Charles Weitz, MD, PhD
Professor
Department of Neurobiology, Harvard Medical School
Biological mechanisms of circadian clocks and their roles in metabolic processes
Investigate molecular mechanisms of circadian clocks in the brain, retina, and peripheral tissues
Commercial Opportunities
Investigate the relationship of biological clocks in the context of metabolic and lipid-related disorders, including atherosclerosis/cardiovascular disease, diabetes, and obesity.
Dr. Weitz’s recent findings relating to the important metabolic role of the Bmal1 clock gene in liver raises intriguing questions about the ability of biological clocks in peripheral tissues to regulate glucose and lipid metabolism. It can be envisioned that biological clock transcription feedback loop dysregulation can potentially contribute to the etiology of common disorders, such as atherosclerosis/cardiovascular disease, diabetes, and obesity. Because these disorders are some of the most pressing clinical problems in the Western world today, the ramifications of these findings are striking.
Further studies aimed at elucidating the role of peripheral tissue biological clocks in regulating metabolic processes will likely yield important findings that might have direct relevance to pharmacologic intervention. The identification of novel circadian clock mechanisms that act as efficient rheostats for blood glucose and lipid concentrations may open up entirely new areas of clinically relevant studies.

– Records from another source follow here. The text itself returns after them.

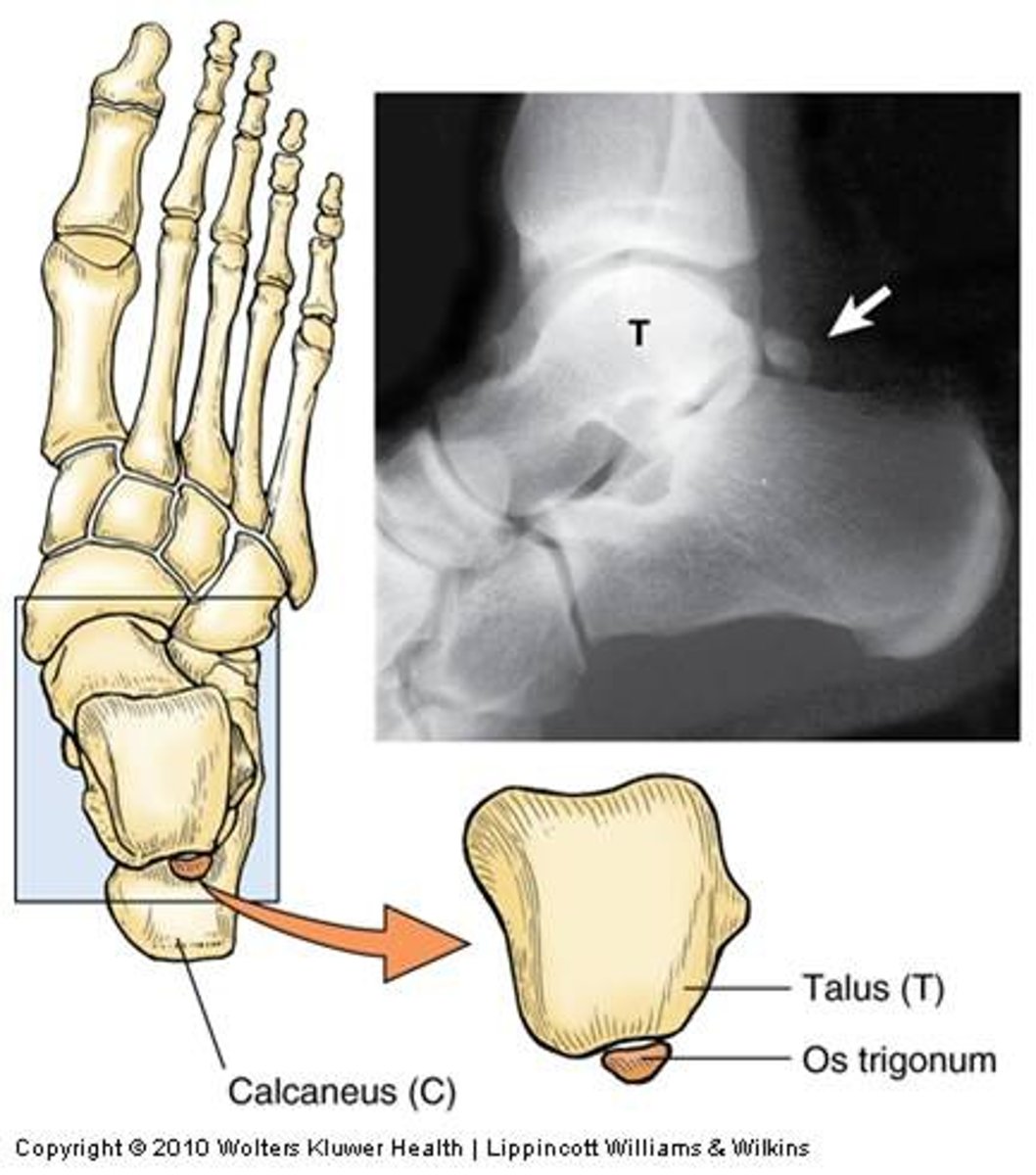 <p>Impingement causing pain in relevé under the Achilles tendon</p>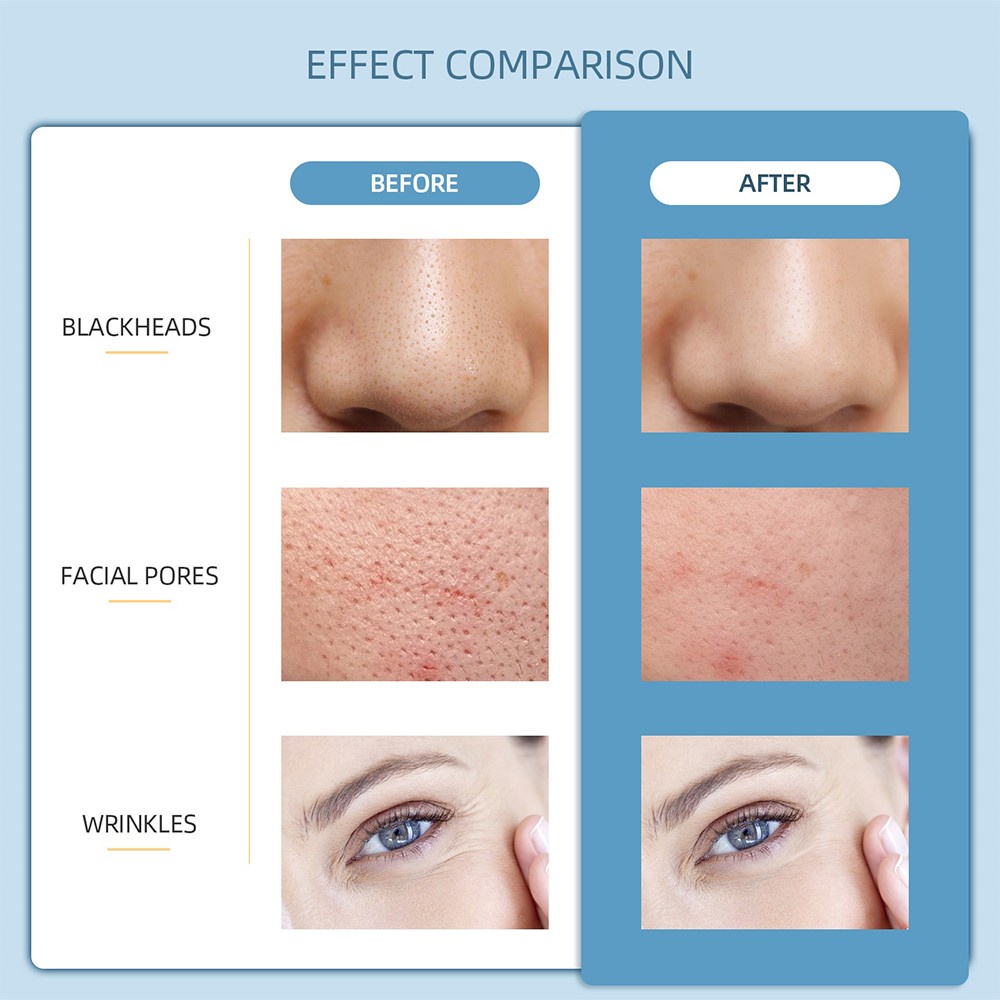 Máy làm sạch sâu lỗ chân lông FOREVERLILY bằng sóng siêu âm cổng sạc usb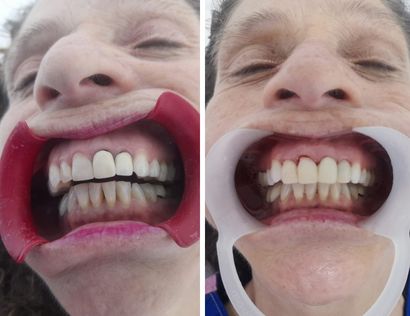 odontologos profesionales en madrid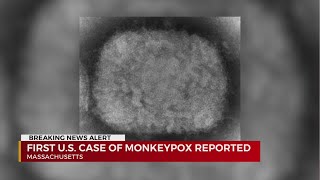 First US case of monkeypox reported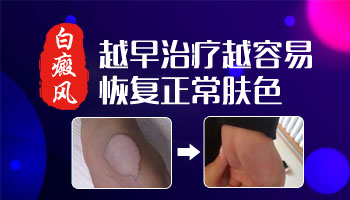 大腿外侧有白斑如何判断是不是白癜风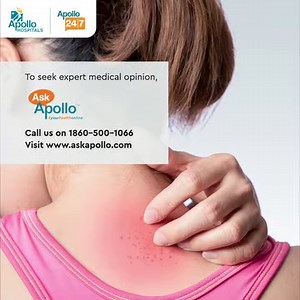 Sweet syndrome is a rare skin condition. It causes painful small red bumps that appear on your arms, face, and back. To know more about Sweet Syndrome, Click the link below: https://healthlibrary.askapollo.com/sweets-syndrome-symptomscauses-types/ To book an appointment, call us on 1860 500 1066 or visit www.askapollo.com #apollohospitals #askapollo #sweetsyndrome #skincondition #infection #skindamage | Apollo Hospitals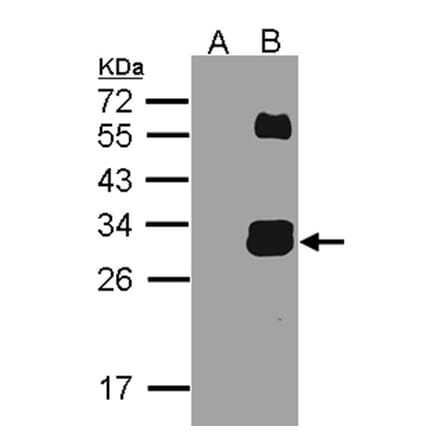 Western blot - KLK7 antibody from Signalway Antibody (22619) - Antibodies.com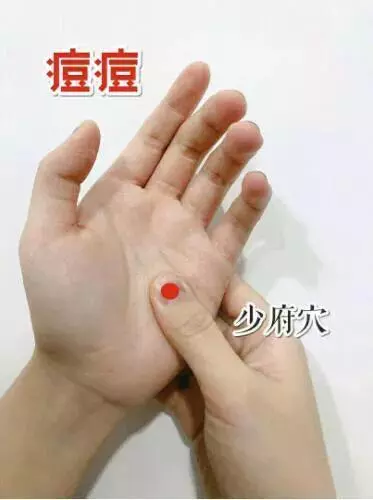老中醫穴位乾貨,治療生活小毛病,很實用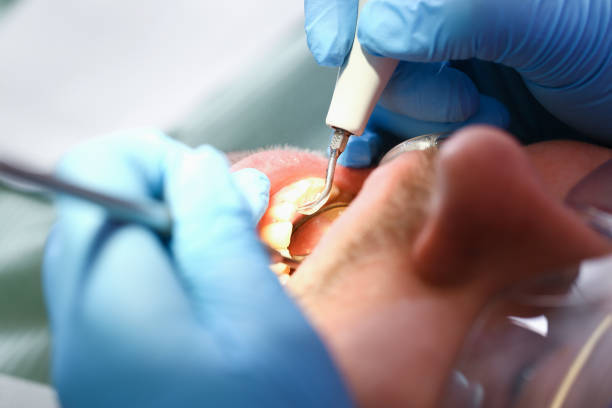 Best Pediatric Emergency Dentist in Beecher, IL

Current Research Interests
Dr. Weitz is studying the molecular circuitry and gene expression variations that are responsible for numerous activities regulated by circadian rhythms, including behavior and metabolic processes, such as glucose homeostasis. Central circadian clocks in the brain and photoreceptor cells are responsible for correctly coordinating cycling phenomena that influence behavior, locomotor activity, and light-dark oscillations. Moreover, these brain molecular clocks exert profound effects on metabolism, including the complicated metabolic fluctuations accompanying food ingestion and subsequent fasting periods. Dr. Weitz’s lab is exploring mechanisms of these master clocks in the brain, with particular emphasis on transcriptional feedback loops that produce exquisitely sensitive regulatory networks.
The lab is pioneering studies on peripheral tissue circadian clocks. They are unraveling the genetic and biochemical mechanisms of a liver biological clock. The lab uses animal models with tissue-specific gene inactivation to investigate control of circadian rhythms. The lab studies how the Bmal1 gene (encoding a master gene clock factor present in brain and peripheral tissues) coordinates the replenishment of glucose during fasting. Liver regulation of blood glucose is critical for preventing a precipitous drop in glucose levels during fasting (that is, hypoglycemia). This vital regulatory function relates to metabolic control, as well as to functions performed by circadian clocks present in other peripheral tissues.
Research Expertise
Dr. Weitz investigates internal biological time regulators, or circadian clocks, in the suprachiasmatic region of the brain (SCN), in retinal cells, and in various peripheral tissues. Biological clocks of the central nervous system are typically regulated by photoreceptors that sense light-dark cycles. This signal transmission contributes to the brain’s ability to regulate physiological (for example, locomotor functions) and psychological mechanisms by globally altering gene expression patterns.
Dr. Weitz clarified aspects of molecular signaling that mediate circadian rhythms. In particular, Dr. Weitz defined the secreted factors that carry out circadian oscillations. His lab identified a cytokine-resembling cardiotrophin as a strong candidate for a circadian factor that SCN neurons secrete. Cardiotrophin is an interleukin-6 family member that supports cardiac growth, as well as hypertrophy. This newly identified cytokine has an expression profile within the SCN that bears a reciprocal relationship to locomotor activity. Receptor antibody experiments support Dr. Weitz’s contention that this novel molecule is a critical mediator of SCN circadian oscillations.
The lab has also studied circadian clocks in peripheral tissues. In a recent high-profile article, the lab demonstrated that the gene product encoded by the Bmal1 clock factor gene helps the liver to regulate glucose homeostasis.